(Problem requirements) Could you print the stretch of lines below from the one with "Storage Bags 1PC" through the one with "Item preview, Colorful", exactly as they stand and without any pictures?

(Data records)
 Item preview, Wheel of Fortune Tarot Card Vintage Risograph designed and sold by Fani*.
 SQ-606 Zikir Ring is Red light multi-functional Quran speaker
...
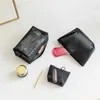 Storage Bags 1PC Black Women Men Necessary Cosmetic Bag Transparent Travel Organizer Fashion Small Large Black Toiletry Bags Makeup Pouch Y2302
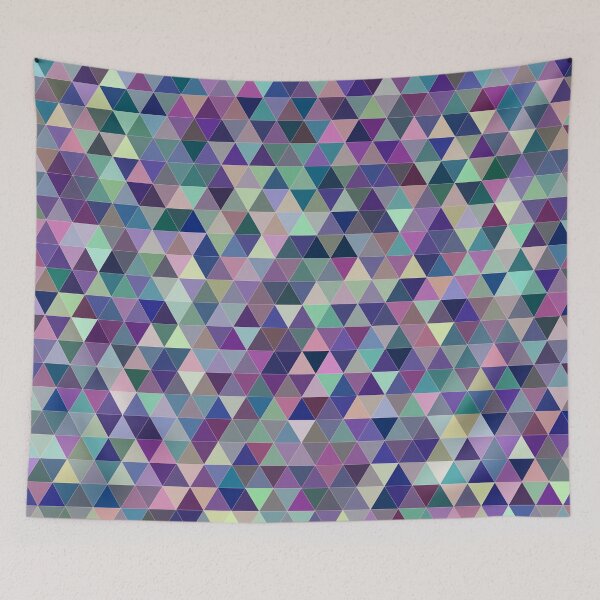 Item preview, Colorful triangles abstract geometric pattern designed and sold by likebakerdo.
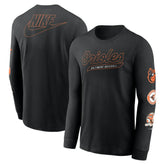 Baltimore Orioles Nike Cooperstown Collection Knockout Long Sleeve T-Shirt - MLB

(Response area)
 Storage Bags 1PC Black Women Men Necessary Cosmetic Bag Transparent Travel Organizer Fashion Small Large Black Toiletry Bags Makeup Pouch Y2302
 Item preview, Colorful triangles abstract geometric pattern designed and sold by likebakerdo.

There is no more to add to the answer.